[Short descriptive text snippets]
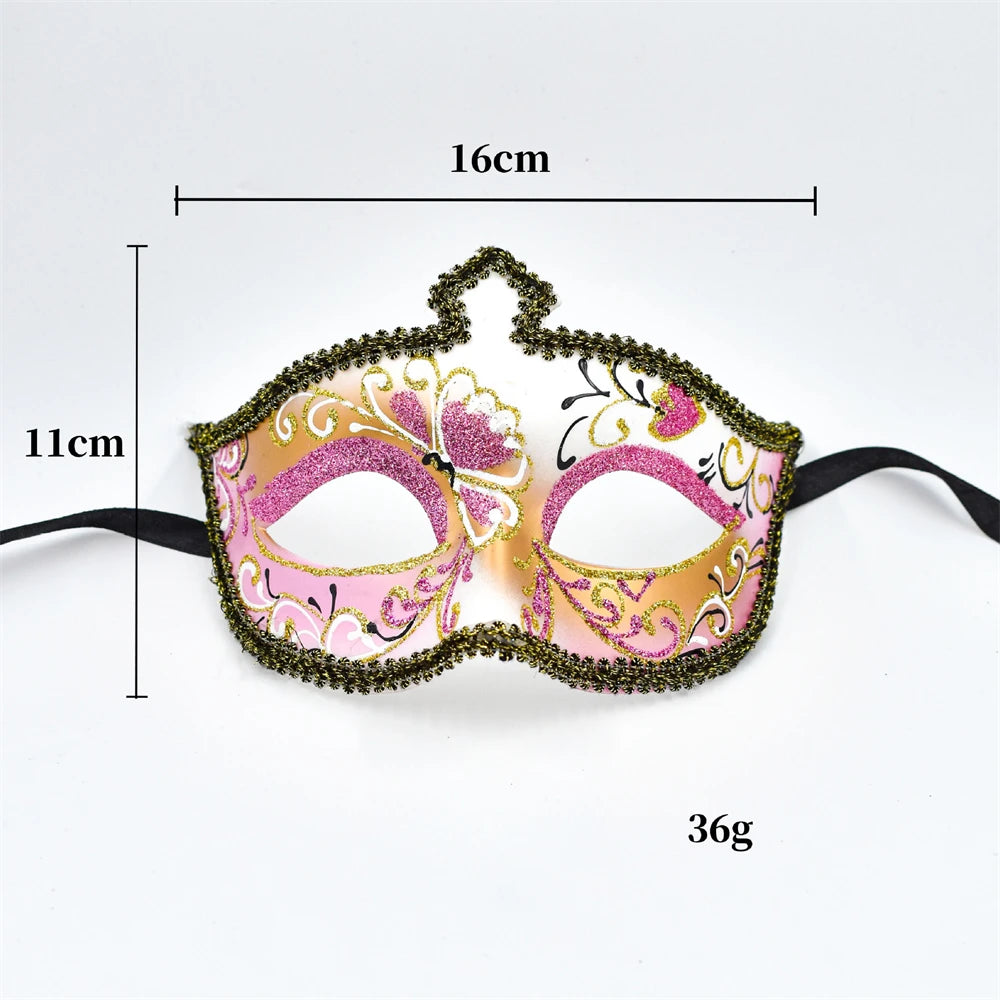 Party Bar Makeup Ball Half Face Men's Painted Gold Powder Mask Handmade Princess Mask Women's Handmade Dance Props Oasis Select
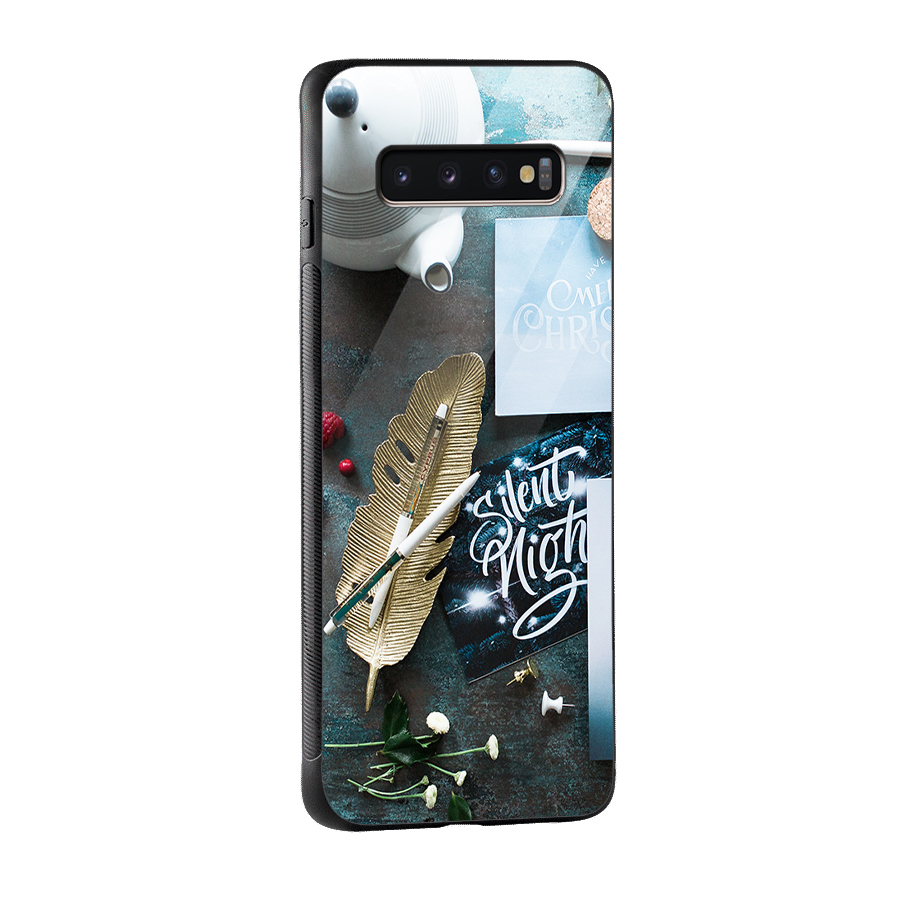 Silent Night Celebrations Glass Back Case for Galaxy S10 Plus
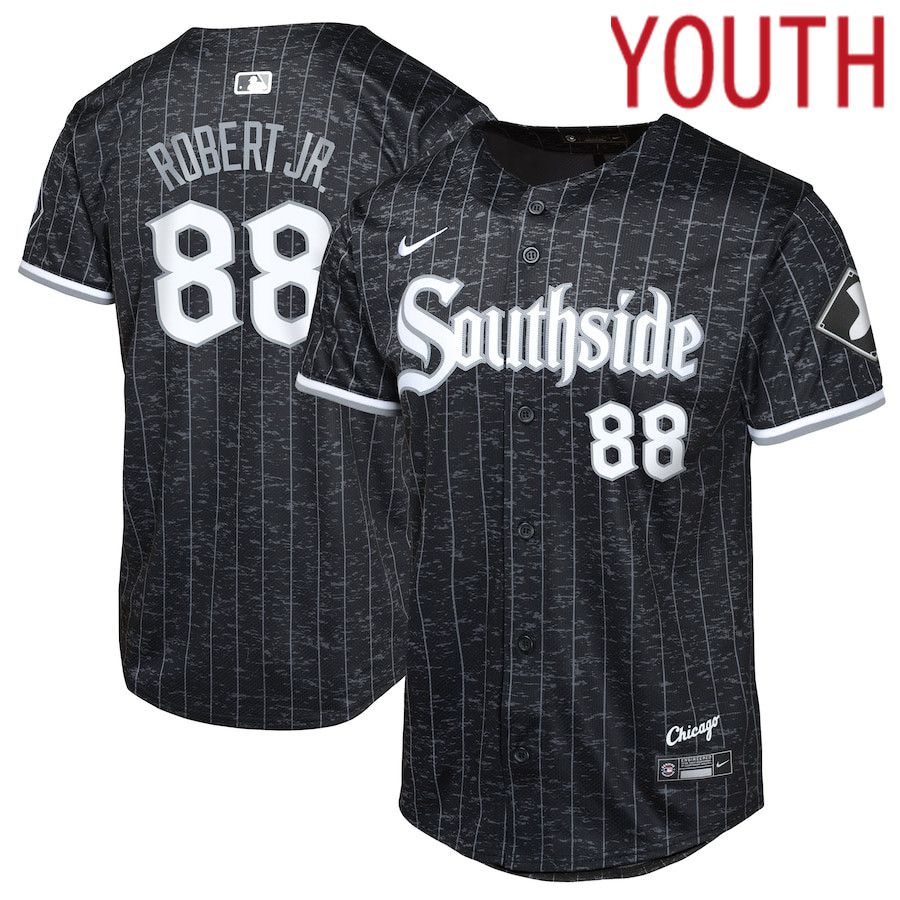 Youth Chicago White Sox #88 Luis Robert Jr. Nike Black City Connect Limited Player MLB Jersey->->Youth Jersey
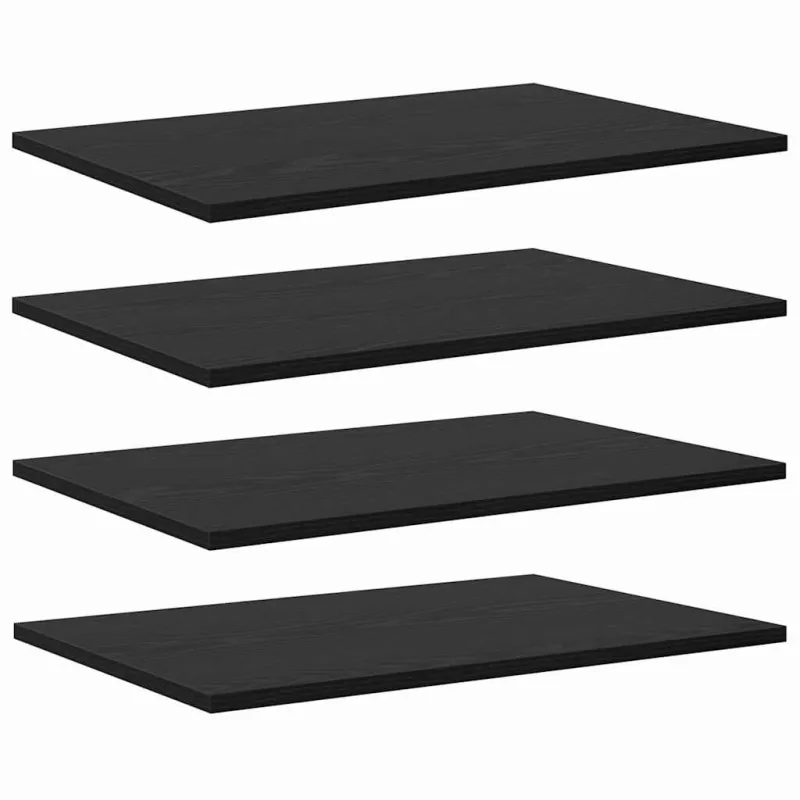 Knygų lentyna 4 pcs Juodas 60 x 40 x 1,5 cm Apdirbta mediena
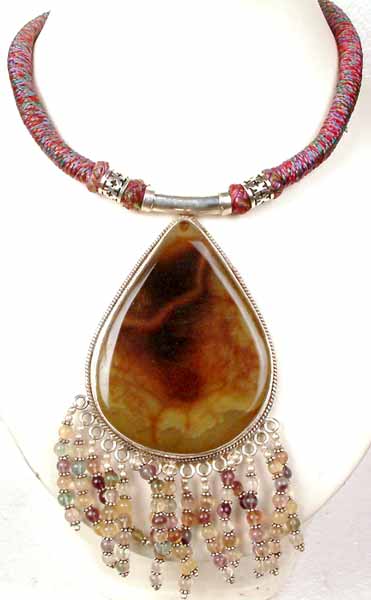Agate Necklace with Beaded Gemstone Tassles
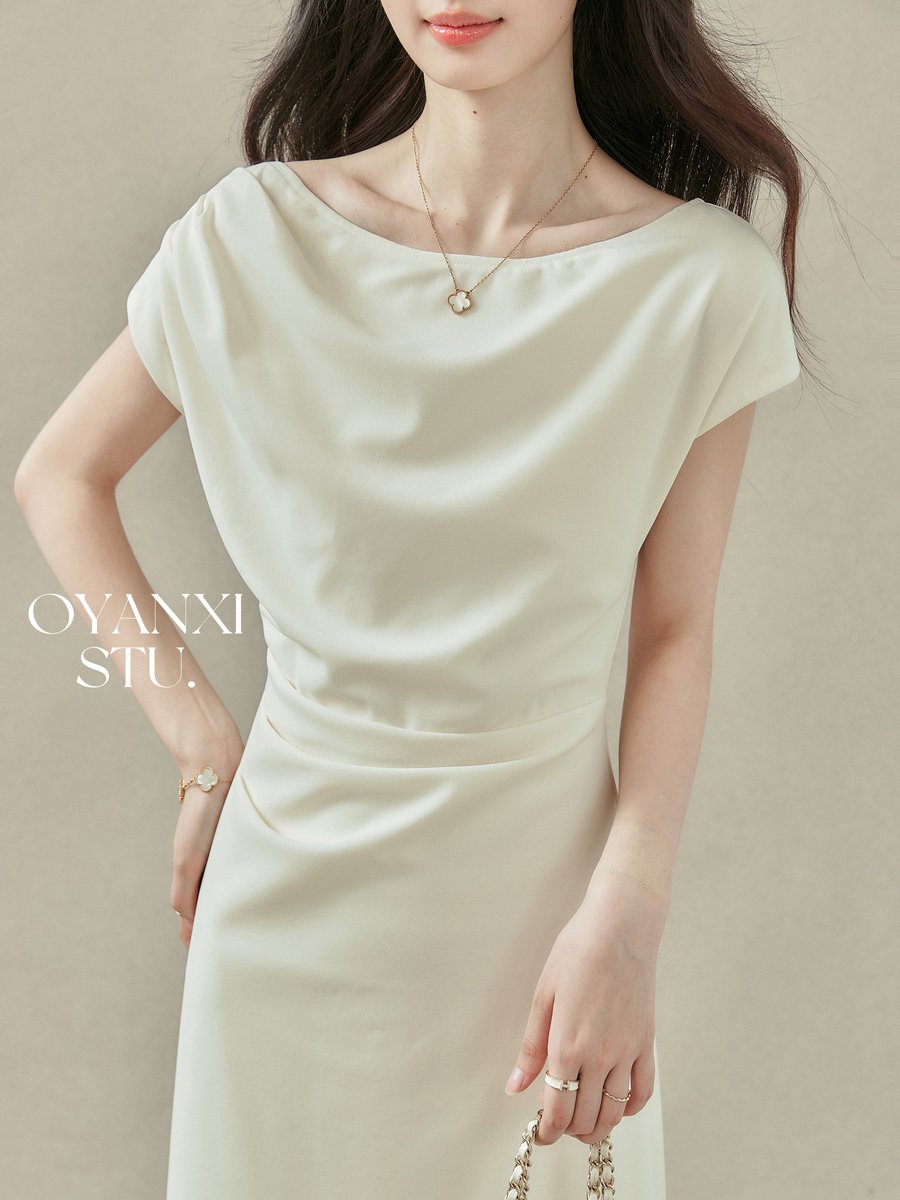 OYANXI オフショルダー ウエストシェイプ ロングワンピース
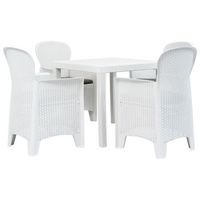 mesa y sillas de jardin 5 piezas plastico blanco aspecto ratan vidaxl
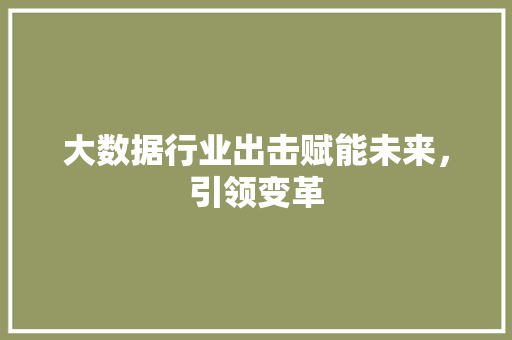 大数据行业出击赋能未来，引领变革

** Work instructions **
Go through the data above and print exactly the lines from its first line through the line holding "OYANXI オフショルダー ウエストシェイプ ロングワンピース", both included, leaving pictures aside.

** Output for this task **
 Party Bar Makeup Ball Half Face Men's Painted Gold Powder Mask Handmade Princess Mask Women's Handmade Dance Props Oasis Select
 Silent Night Celebrations Glass Back Case for Galaxy S10 Plus
 Youth Chicago White Sox #88 Luis Robert Jr. Nike Black City Connect Limited Player MLB Jersey->->Youth Jersey
 Knygų lentyna 4 pcs Juodas 60 x 40 x 1,5 cm Apdirbta mediena
Agate Necklace with Beaded Gemstone Tassles
 OYANXI オフショルダー ウエストシェイプ ロングワンピース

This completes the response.